Understand this well: Lubinsky has worked as a paid consultant for Rubashkin. His duties included dealing with parts of the PETA scandal and other Rubashkin troubles. Yet, writing in his industry trade publication in defense of Rubashkin, he does not disclose this relationship until outed.
This is what Orthodoxy is today. Dishonest, rotten to its very core.

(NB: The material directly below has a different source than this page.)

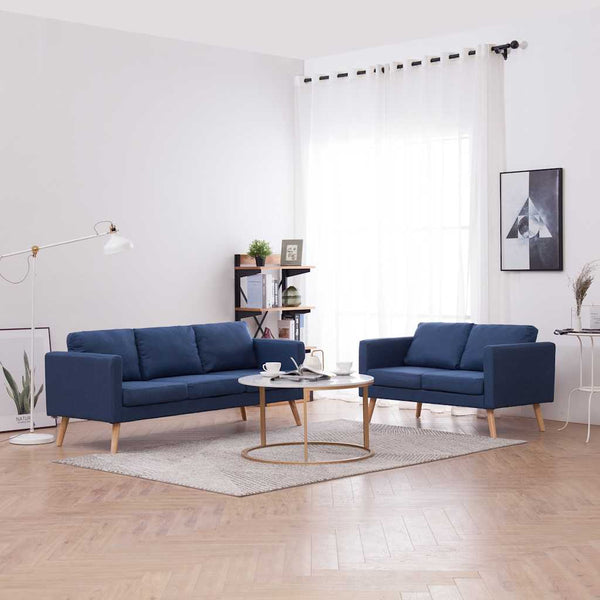 vidaXL 2-Piece Sofa Set Fabric Blue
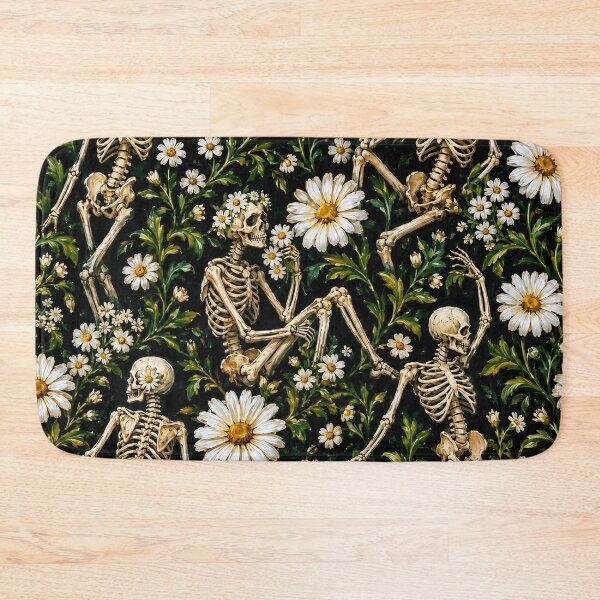 Item preview, Goth Skeletons and Daisies Floral Pattern designed and sold by BeJolley.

Meanwhile, writing (belatedly) on the latest NY Times coverage of the Conservative Movement's Hechsher Tzedek, YLove sides with the Orthodox rabbis who have assailed the Hechsher Tzedek:
…From R' Chaim Ozer Grodzienski to the Chofetz Chaim to today's Orthodox leaders, the idea of "interdenominational cooperation" within the various Jewish "denominations" is largely eschewed at worst, and severely curtailed at best. With the possible exception of anti-missionary campaigns, there is virtually no issue regarding Jewish observance that will get the "denominations" -- which range in belief from "personal autonomy" and "decide your own laws" to "do not depart from your ancestors' ways in the slightest" -- to "agree upon." And indeed, this was a primary if not the main issue when when the Jewish Press ran the article in January:
In December 2006, a call came from outside the sphere of Orthodox kosher certifiers for a tsedek heckscher or justice certification that would ensure that kosher food producers “have met a set of standards that determine the social responsibility of kosher food producers, particularly in the area of worker rights.”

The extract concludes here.